C'est ainsi que l'on colorie un tableau tout entier. Mais cette réussite pourrait aussi être son principal échec. "Ce tableur, cela revient à cocher des cases. Ca n'a rien de stratégique, et il a été incapable de donner une vision en termes d'architecture des services financiers", juge un responsable. Le principal chantier de l'Europe en la matière, l'union bancaire, a ainsi été porté à ses débuts par Mario Draghi ou par certains leaders nationaux. [Michel Barnier] défend mordicus son bilan, qui sera son meilleur allié pour tenter de grimper la dernière marche qui lui reste.
Car l'ancien ministre s'accroche à son rêve européen : et s'il prenait la place de José Manuel Barroso à la tête de la Commission ? Son nom revient régulièrement, même si les pronostiqueurs jugent ses chances limitées.

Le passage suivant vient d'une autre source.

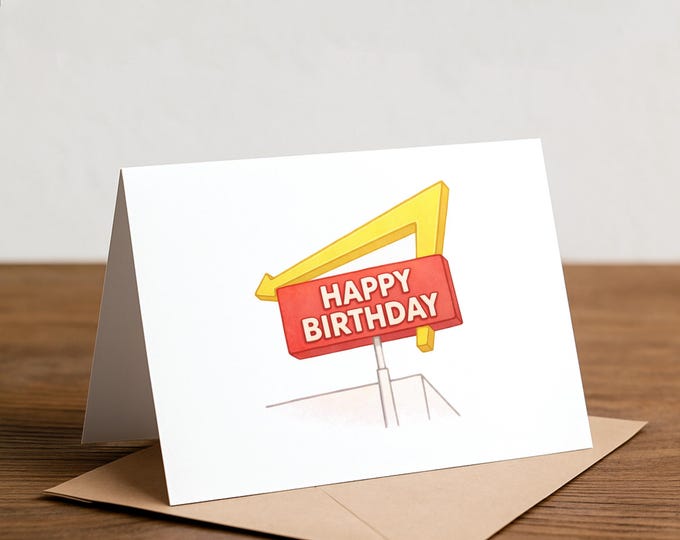 In-n-out birthday card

Lui refuse encore d'en parler, considérant sans doute qu'il pourrait être un candidat de compromis si jamais les élections européennes débouchaient sur un Parlement très divisé. "Je suis prêt à aller là où on jugera que je suis utile", se contente-il de répondre. Il sera alors toujours temps de songer à dessiner un nouveau tableau.